Rudolf Gellesch (* 1. Mai 1914 in Gelsenkirchen; † 20. August 1990 in Kassel) war ein deutscher Fußballspieler und Trainer. Der excellente Kombinationsfußballer der zumeist im damals praktizierten WM-System als Halbstürmer oder Außenläufer eingesetzt wurde, war am Gewinn von fünf deutschen Meistertiteln mit seinem Verein FC Schalke 04 beteiligt. 1935, 1937 und 1939 gehörte er den Endspielformationen an, 1940 und 1942 zwar kriegsbedingt nicht, hatte aber 1940 noch zwei Endrundenspiele bestritten und 1942 in der Gauliga Westfalen beim Titelgewinn in zehn Rundenspielen mit vier Toren mitgewirkt. Als er mit „Königsblau“ 1937 auch den Tschammerpokal gewann, konnte er das Double feiern.[1] In der deutschen Fußballnationalmannschaft hat der Schalker Mittelfeldspieler von 1935 bis 1941 20 Länderspiele absolviert und gehörte 1937 der sogenannten Breslau-Elf an.[2]

Karriere

Vereine

Sein Heimatverein war der FC Schalke 04, dem er sich 1926 angeschlossen hatte. Als 19-Jähriger wurde Rudi Gellesch von Trainer Kurt Otto für die erste Mannschaft entdeckt, mit der er im folgenden Jahrzehnt fünfmal Deutscher Meister und einmal Gewinner des Pokals des Deutschen Reiches (Tschammerpokal) wurde. Er debütierte am 15. Januar 1933 bei einem 1:0 Heimerfolg gegen Westfalia Herne, im letzten Jahr der Ruhrbezirksklasse, in der Ligamannschaft von Schalke 04. Ab dem Start der Gauliga Westfalen in der Saison 1933/34 prägte er maßgeblich mit Ernst Kuzorra, Fritz Szepan und Adolf Urban den Schalker Kreisel. Bis 1944 kam Gellesch auf 190 Pflichtspiele für die Knappen in denen er 38 erzielte.[3] In der Ära der Gauliga bestritt er für seinen Verein 111 Ligaspiele, erzielte 25 Tore und vertrat die Schalker Farben in 52 Endrundenspielen um die deutsche Fußballmeisterschaft in denen er elf Tore und unzählige Vorlagen zu den Erfolgen beisteuerte.
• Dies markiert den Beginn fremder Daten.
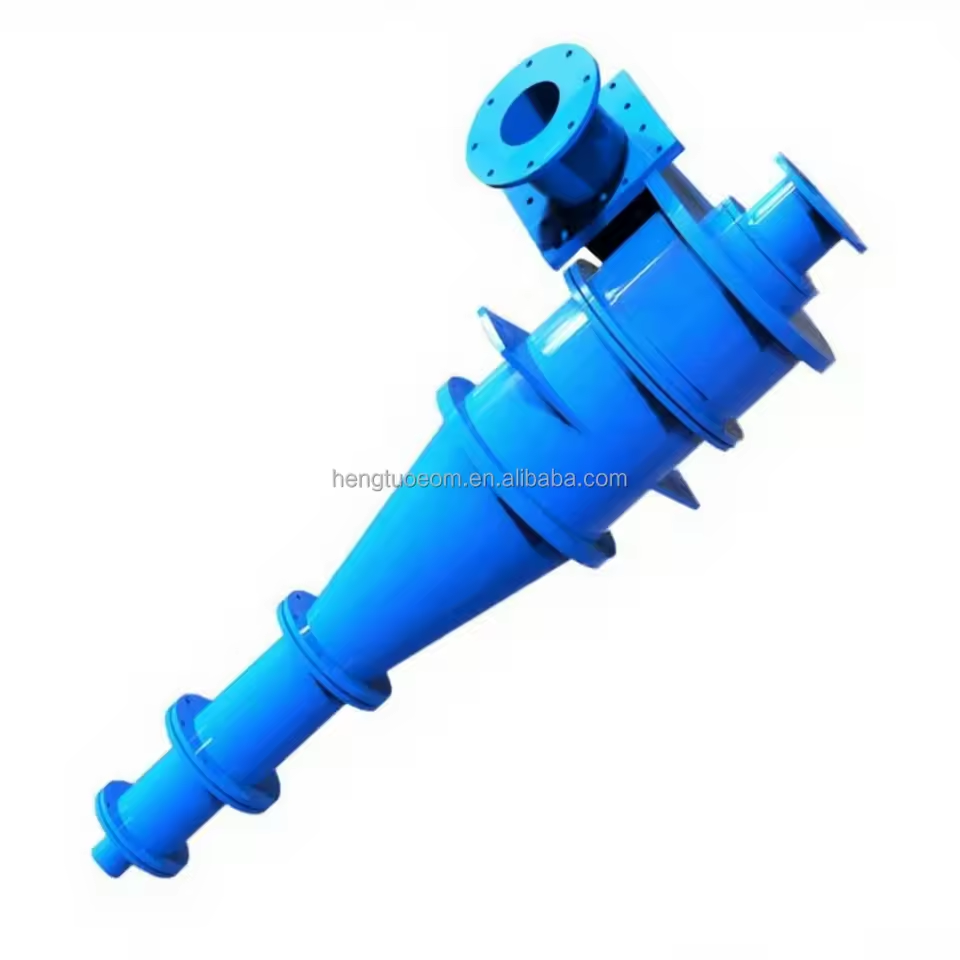 Product Importer Gallery 03 · 648d5c775f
In den Spielen um den Tschammerpokal zog er mit seiner Mannschaft viermal in das Endspiel ein. Sein erfolgreichstes Spieljahr erlebte der hoch aufgeschossene Spielgestalter 1936/37 als ihm mit Schalke das Double glückte und er mit der Nationalmannschaft am 16. Mai 1937 in Breslau das Länderspiel gegen Dänemark nach einem begeisternden Spiel mit 8:0 an der Seite seiner Vereinskameraden Fritz Szepan und Adolf Urban gewinnen konnte und damit Einzug in die Fußball-Geschichtsbücher hielt.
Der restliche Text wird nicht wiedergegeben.